Business secretary Greg Clark told a fringe event at the Conservative party conference that business rates could change as “one way” of recognising the role played by high street retailers.
Clark said the Treasury is conducting a review of business rates, but added that he believes retail “makes a big contribution to the community, and to villages, towns and cities”.
“And I think some recognition of that is required. Business rates will be one way of doing that,” Clark said.
The comments will be welcome remarks for the retail groups that have been lobbying for lower business rates for years.
The British Retail Consortium believes the retail industry paid £7 billion last year in business rates, while The Federation of Small Businesses has proposed a two-year freeze on rates.
In November 2017 chancellor Philip Hammond decided to bring forward a proposed cut to business rates, which would see them rise in line with the lower Consumer Prices Index (CPI) measure of inflation, rather than the Retail Prices Index (RPI).

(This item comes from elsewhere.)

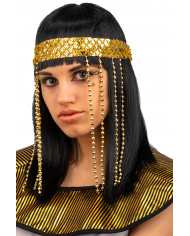 Smooth black wig with fringe and gold diadem, to interpret an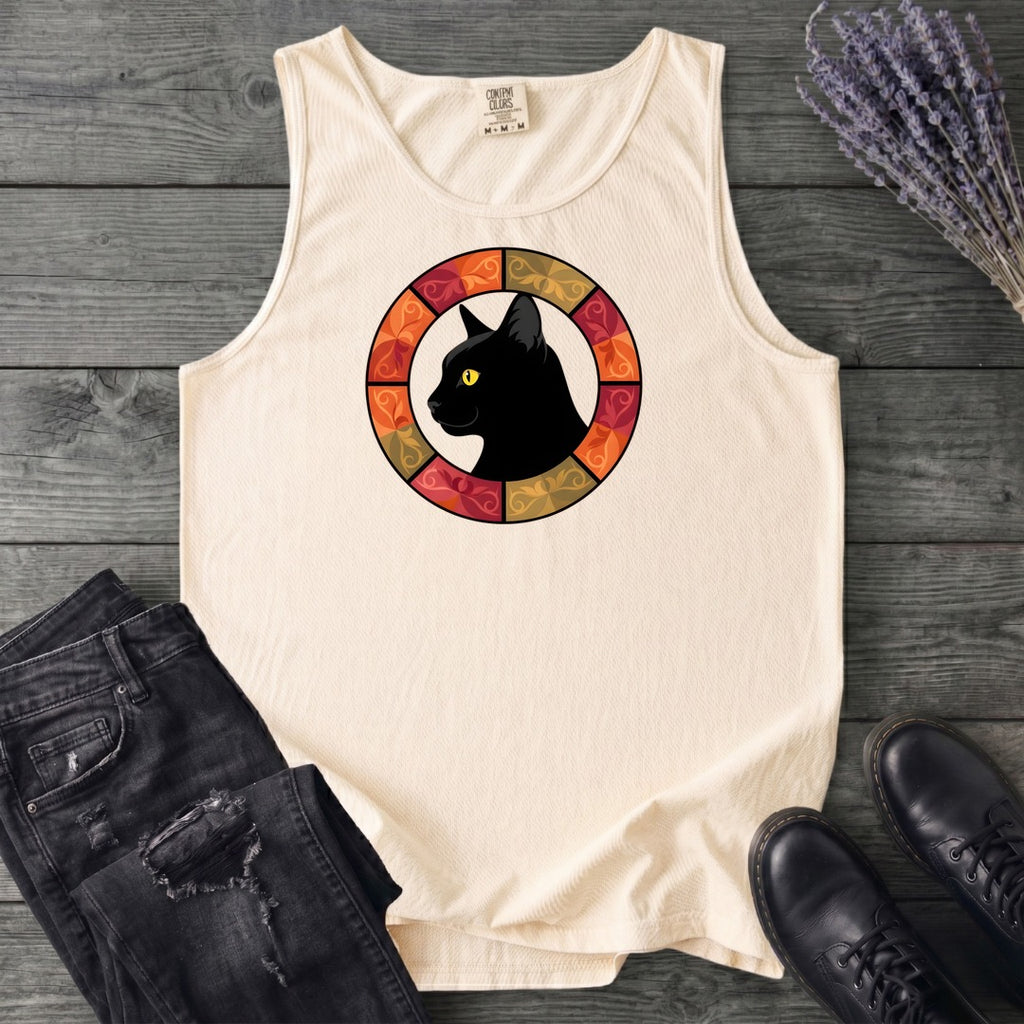 Black Cat Autumn Medallion Tank Top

However, the BRC argued that this did not go far enough and has called for the government to reduce rates further.
If the inflation figure stays the same in September, the BRC estimated retailers will have to pay an extra £190 million in annual business rates from April 2019.
It comes as the New West End Company gears up to lobby the government this week over a rates reduction of £5 billion for all properties across all sectors.
They believe this could be finances by a one per cent tax on large online-only businesses.
According to the New West End Company and research by Altus Group, Burberry faces a three year cumulative increase of 186 per cent in its rates bill, taking its liabilities up to £2.68 million next April.
Meanwhile Selfridges’ bill will go up by £6.58 million to £17.51 million for 2019 – 2020.
“Our system of business rates was created nearly 30 years ago, before the advent of online shopping, and with the U.K. having the third largest e-commerce market in the world, it is vital that the Government develops a coherent approach to taxing the digital economy”, said Altus head of UK business rates Robert Hayton.